読売新聞 / 2024年6月28日 17時35分

 天皇、皇后両陛下が22日から訪問中の英国は、それぞれが20歳代で留学された思い出の地だ。昨年4月に復刊した天皇陛下の留学記「テムズとともに」の扉絵には、青春の日々を過ごされたオックスフォードの風景が描かれている。陛下と交流があり、この絵を手がけた画家の藪野健さん(80)は、ある思いをこめて小さなしかけを施していた。(水野祥)

 藪野さんは早稲田大大学院で美術史を修了後の1970年、スペインの美術学校に留学した。休暇中には英国内も巡り、オックスフォードにもたびたび足を運んだ。古い街並みや美しい庭園に魅せられたからだ。

 陛下とは90年頃、美術や歴史の専門家が集まる勉強会で知り合った。藪野さんがかつてオックスフォードで描いた風景画を勉強会に持参するたびに、陛下はその絵の場所がどこかをすぐに言い当てられた。

 陛下はテムズ川の水運の研究資料を集めるため、古書店や図書館を自転車でよく回ったと明かし、「現代と古典の世界が一体になった街でした」と話された。「手間をいとわず資料を探すうちに街を知り、魅了されたのではないか」。藪野さんはそう振り返る。

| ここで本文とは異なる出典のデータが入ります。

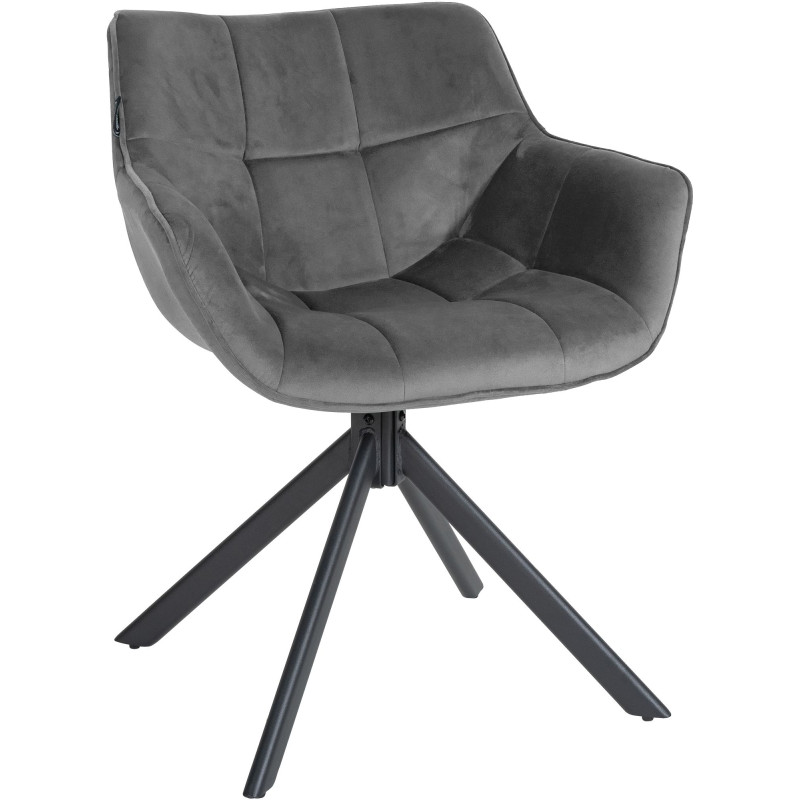 Fauteuil Westport, velours gris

 藪野さんは、陛下から思い出の場所を聞き取り、自作の絵地図に位置を落としてまとめたことがある。実際の地図と比べてみると、ほぼ一致していた。

 勉強会は2010年頃を最後に開かれなくなったが、22年12月、宮内庁から突然、連絡があった。留学記の復刊にあたり扉絵を描いてほしいという依頼だった。藪野さんは快諾し、オックスフォードを描いた20〜30枚のスケッチを見ながら、2〜3か月かけて扉絵(縦18センチ、横24センチ)を仕上げた。

 陛下が学んだ大学のマートン・カレッジを描き、右下の木陰には小さな人影を三つ添えた。復刊本のあとがきで、陛下が皇后さまとともに英国を再訪できることを願っていると知り、ご一家で訪ねられる姿を想像して制作した。

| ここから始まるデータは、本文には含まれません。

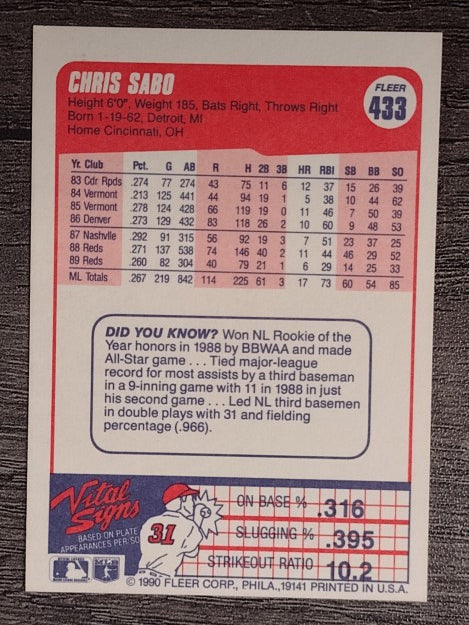 1990 Fleer #433 Chris Sabo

 原画はこの春、宮内庁を通じて献上された。後日、「陛下が自室に飾られている」と側近から聞いた。陛下は三つの人影にも気付き、「私たちですね」とにこやかに話されたという。

 両陛下は今回、滞在最終日の28日にオックスフォードを再訪される。藪野さんは「いつかお目にかかる機会があれば、久しぶりの街はどうでしたかと尋ねてみたい」と笑顔を見せた。